Au débouché nord-ouest du Grand Pont, la Maison de la Marchandise bénéficie également de la protection du Grand Châtelet, auquel elle est adossée. Là siègent le prévôt des marchands et les quatre échevins de la Hanse des marchands de l’eau jusqu’au transfert, en 1358, du Parloir aux bourgeois en la Maison aux piliers, achetée par Étienne Marcel en 1357 et sur l’emplacement de laquelle a été édifié entre 1533 et 1628 l’Hôtel de Ville, détruit par la Commune en 1871 et reconstruit depuis lors au même endroit. Cinq magistrats, élus pour deux ans et rééligibles au moins deux fois, héritent de l’administration municipale que leur cède Louis IX en contrepartie de la suppression de l’affermage de la prévôté royale. Le souverain les charge de la police des vivres et de l’exécution de nombreux travaux d’utilité publique, tels que l’entretien des quais de la Seine, l’enlèvement du cours du fleuve de tout obstacle à la navigation — dont la sécurité au niveau du Grand Pont est assurée par l’« avaleur de nefs » —, le curetage des fossés, le pavage des rues, entrepris pour la première fois par Philippe Auguste, au profit notamment de la croisée de Paris : rues Saint-Jacques et Saint-Martin et rues Saint-Honoré et Saint-Antoine.

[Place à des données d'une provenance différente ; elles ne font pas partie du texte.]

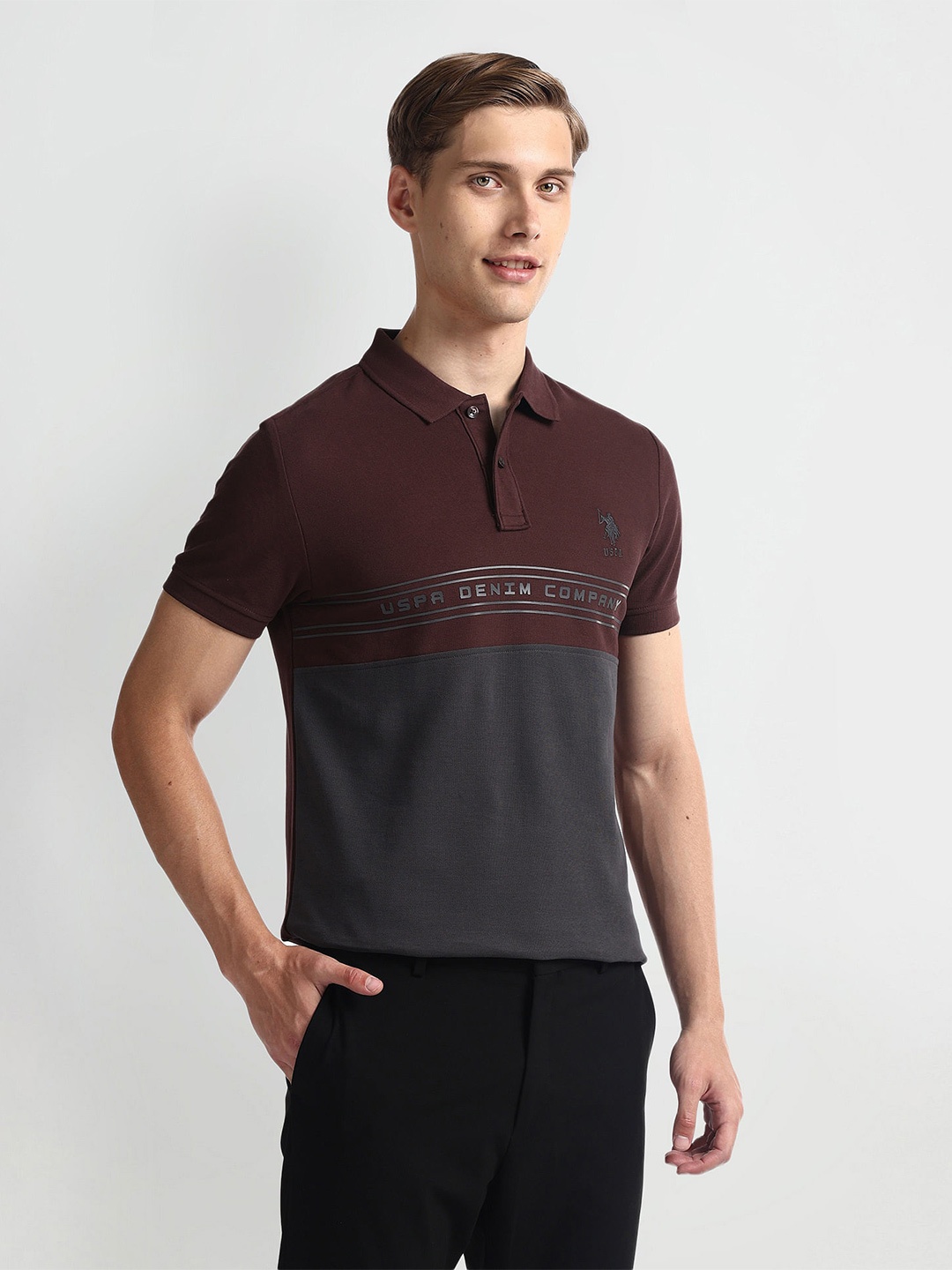 

U.S. Polo Assn. Denim Co. Colourblocked Polo Collar Slim Fit Cotton T-shirt, Red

Dans ces conditions, la municipalité parisienne devient un organisme très complexe. Au sommet se mettent en place progressivement trois organes de décision : le Bureau de la ville, composé du prévôt des marchands (dont le premier est en 1263 Evrard de Valenciennes) et de quatre échevins, du receveur du domaine, du procureur de la ville et du clerc du receveur ; le Conseil de la ville, qui comprend depuis 1296, outre les huit membres du Bureau, vingt-quatre conseillers de ville, dont la consultation est indispensable en cas de décision importante ; enfin, l’Assemblée générale, qui finit par englober non seulement tous les membres du Conseil, mais aussi le recteur, les délégués des cours souveraines, ceux du clergé et ceux des bourgeois, ces derniers à raison de six représentants par quartier avec leur quartenier. La liaison avec la population est assurée sur le plan territorial par l’intermédiaire de nombreux agents d’exécution, également élus et dont les fonctions, de ce fait, ne sont pas rétribuées : les seize « quarteniers » institués par Charles V, et dont le nombre ne varie pas jusqu’en 1789, malgré la division de Paris en vingt quartiers en 1702 ; les « cinquanteniers » et les « dizeniers », qui finiront par être respectivement soixante-quatre (trente-deux avant 1550) et deux cent cinquante-six ! Les uns et les autres ont pour mission, dans leur ressort respectif, de prévenir les incendies (mise en place des seaux d’eau), de veiller au maintien de l’ordre (notamment en barrant de chaînes les rues), de dresser les listes de notables en vue des élections, d’établir des relevés précis des stocks d’armes et de produits alimentaires, etc. Enfin, à la base, la municipalité rétribue un nombreux personnel de sergents de la Marchandise de l’eau — chargés de faire respecter les privilèges de la Hanse —, de crieurs, de mesureurs, de jurés-vendeurs, de courtiers contrôlant au profit de cette dernière toutes les transactions concernant en particulier le négoce du vin. Enfin, trois compagnies de cent archers chacune, toutes équipées uniformément d’arquebuses par Charles VI, ainsi que la milice bourgeoise, recrutée dans le cadre des quartiers, assurent la défense de la capitale contre tout danger intérieur ou extérieur.